Die Vision des Unternehmens ist es, saubere Mobilitätslösungen bereitzustellen. Quantron sieht ein großes Potenzial im Aufbau von H2-Infrastruktur – ein weiteres Geschäftsfeld. Das ist einer der Gründe, warum man ausschließlich auf Wasserstoff-Antriebe setzt.

Ähnlich wie GP Joule wird auch Quantron den Kunden die Möglichkeit zum Aufbau von H2-Tankstellen auf dem Firmengelände bieten. Das ist Teil der Gesamtlogik von mobility as a service, oder wie es bei hier genannt wird, Quantron as a service. Moderator Peter Schwierz spitzt zu: Das Google des Güterverkehrs mit Brennstoffzelle.

NOW GmbH

Den Abschluss am Konferenztag macht Johannes Daum von der NOW GmbH. Er ist Bereichsleiter für die Wasserstoff-Betankungsinfrastruktur bei der NOW.

Die NOW GmbH ist ein Unternehmen des Bundesverkehrsministeriums und denkt klimaneutrale Antriebe technologieoffen.

„Die Entwicklung hin zu klimaneutralen Nutzfahrzeugen geht viel dynamischer voran, als wir in der Vergangenheit vermutet hatten“, sagt Daum. Eine gute Nachricht. Viele Unternehmen sind „überaus aktiv“, so Johannes Daum, es wird nach 2025 einen steilen Hochlauf an Brennstoffzellen-Lkw geben, der sich ab 2030 nochmals verstärken wird.

Der Staat bietet Förderungen an, die auch über die NOW koordiniert werden. Um klimafreundliche Nutzfahrzeuge zu etablieren, ist die Infrastruktur besonders wichtig – und für beides fließen Subventionen.

„Der Bedarf nach Brennstoffzellen-elektrischen schweren Lkw steigt bereits deutlich an“, berichtet Daum aus der Praxis. Die Förderaufrufe sind überzeichnet. Das Interesse der Spediteure sei sehr groß, so Daum.

Ein wichtiger Aspekt für die Infrastruktur ist die Aufrüstung bestehender H2-Tankstellen für Lkw.
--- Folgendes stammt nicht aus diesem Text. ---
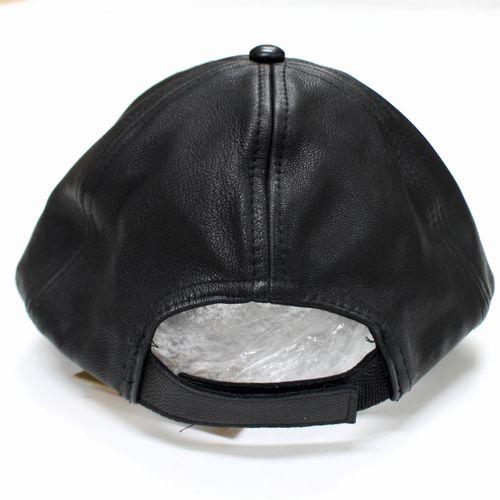 STUSSY ステューシー 25SS LOW PROFILE LEATHER STRAPBACK レザー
Viele sind bisher lediglich für Pkw ausgelegt. Das ändert sich, und das Konsortium H2-Mobility treibt das voran.

Typisch für den Kosmos des Schwerlastverkehrs sind auch Tankstellen auf Betriebshöfen. Es wird häufig auf bekannten und planbaren Routen gefahren. Die NOW fördert diesen privaten Aufbau. Das wichtigste Ziel bleibt dennoch, ein Grundnetz öffentlicher H2-Tankstellen für Lkw schnell zu errichten.

Fazit

Während die Brennstoffzellen-elektrischen Pkw ein Orchideendasein führen, erleben die Wasserstoff-betriebenen Lkw einen Boom. Der Schwerlastverkehr wird die Brennstoffzelle als Komplementärtechnologie definitiv und in großem Maßstab nutzen. Wenn sich der Antrieb verbilligt, könnte auch wieder der Rückweg in kleinere Fahrzeugklassen wie die Transporter bis 3,5 Tonnen stattfinden. Dieser Trend ist international ablesbar, insbesondere in China.
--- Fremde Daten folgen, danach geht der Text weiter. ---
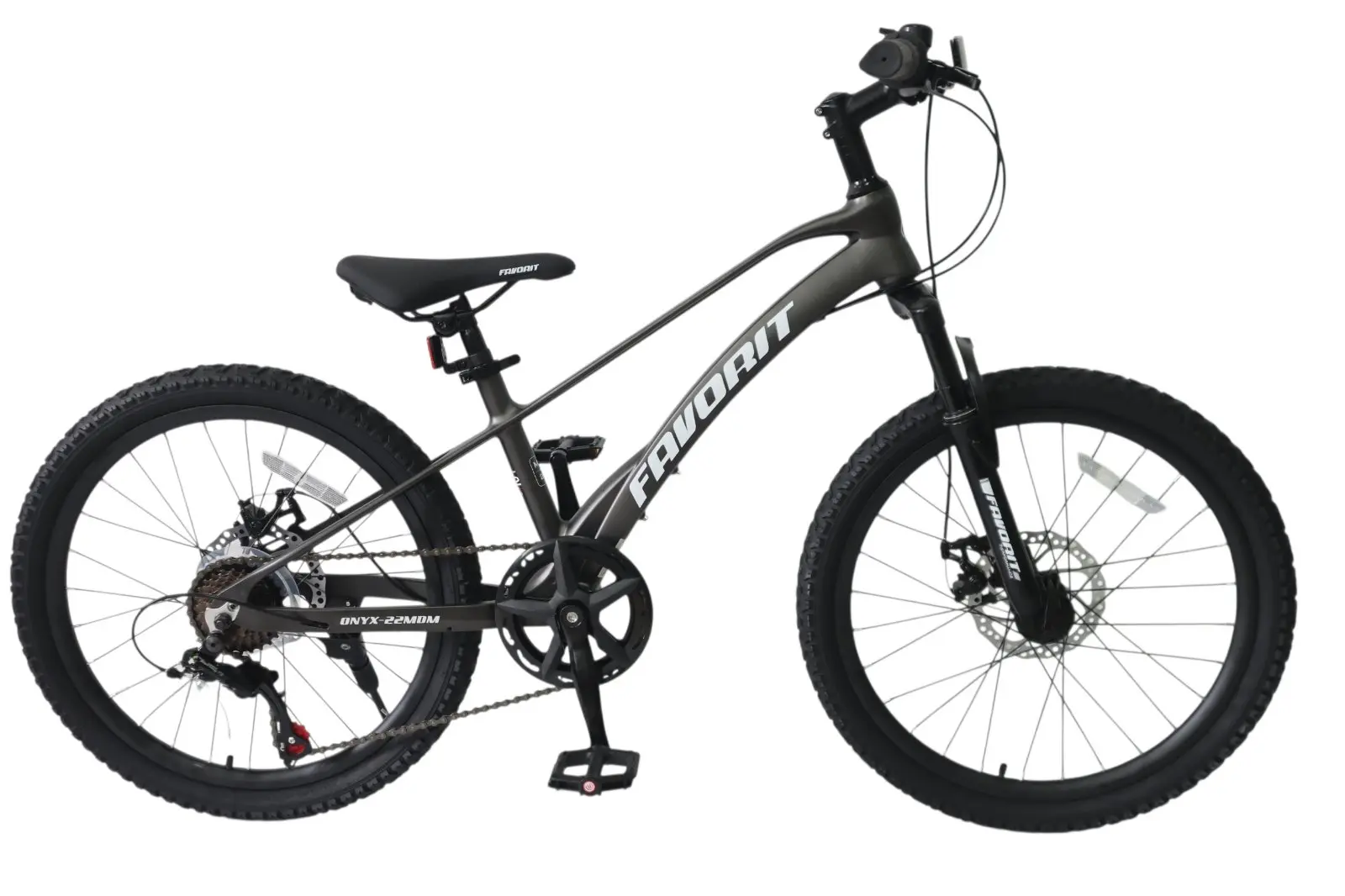 Велосипед Favorit Onyx 24 серый 1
Zeitgleich mit dem Hochlauf der Fahrzeugproduktion muss die Infrastruktur mithalten. Hier ist noch nicht final geklärt, ob Wasserstoff mit 350 oder 700 bar gasförmig oder verflüssigt getankt wird oder alles zusammen. Für jede Lösung gibt es Argumente.

Die besondere Qualität des Wegs zum Brennstoffzellen-elektrischen Güterverkehr ist die Geschwindigkeit des Umschwungs. Dort, wo vor wenigen Jahren noch nichts anderes als der Dieselmotor vorstellbar war, wird radikal und pragmatisch umgedacht. Weg von fossilen Ressourcen, hin zu mehr Klimaschutz.

7 Kommentare

zu „Brennstoffzelle im Gütertransport vor dem Durchbruch?!“
Sepp Mayr
19.12.2022 um 21:44
Forschung ist gut, wichtig für den Fortschritt, aber der Wasserstoff Traum bremst den Energie Umbau auf effiziente Öko Energie aus, forschen ja, aber nicht den jetzt verfügbaren Fortschritt verhindern.
Der Statistiker
20.12.2022 um 09:03
Bei einer Online-Konferenz, wo ausschließlich Vertreter der H2 Wirtschaft eingeladen wurden, könnte man bereits im Vorfeld einen "Boom" hin zu Wasserstoff-LKW vermuten...Ich denke, dass bei der Entwicklung von Akkus noch sehr viel Spielraum nach oben ist. Dagegen sind die H2-Fortschritte, die sich zweifellos noch in den nächsten Jahren erforschen lassen, wohl eher gering. So werden vermutlich der H2-LKW und der H2-Bus nur Nischenprodukte bleiben.
Rene
20.12.2022 um 15:24
Und wer garantiert uns, dass hier nicht grauer Wasserstoff aus Erdgas zum Einsatz kommt? Ach ja, in der Übergangszeit brauchen wir den ...Was für ein Irrweg der Ineffizienz und Ressourcenvergeudung!
Mark Müller
20.12.2022 um 21:27
Nehmen wir als Vergleich einen typischen Tesla: Wird - inkl. Batterie - in China mit Energie aus Kohlestrom produziert, auf einem Schiff mit Schweröl nach Deutschland geschippert, dort vom deutschen Steuerzahler mit 6'000 subventioniert, und läuft dann in Polen wieder mit fast 100% Kohlestrom.
Der Statistiker
21.12.2022 um 10:34
Bei BEVs habe ich in bereits in vielen Ländern die Möglichkeit fossilfrei zu fahren. Außerdem gibt es viele Besitzer, die auch eine PV am Dach haben. Bei H2 Fahrzeugen tanke ich zur Zeit, und wohl auch in naher Zukunft, quasi NUR grauen H2!Und wenn es einmal grünen H2 gibt wird der dringend in der Industrie und bei Schiff und Flugzeug gebraucht werden, denn dort gibt es fast keine Alternativen. Bei der Straße schon!
Mark Müller
20.12.2022 um 21:23
Wer garantiert uns, dass bei einem BEV keine fossile Energie zum Einsatz kommt?
Eride
20.12.2022 um 22:48
Wer hätte bei diesen Referenten gedacht, dass Wasserstoff nicht DIE Zukunftstechnologie für Güterverkehr ist? :)Technisch zwar Interessante, aber auch sehr komplexe Technik. Bin gespannt wo die Reise bei Wasserstoff noch hingeht. Lobbyismus wird ja genügend dafür betrieben. Mal sehen was passiert wenn die EU den Geldhahn zudreht.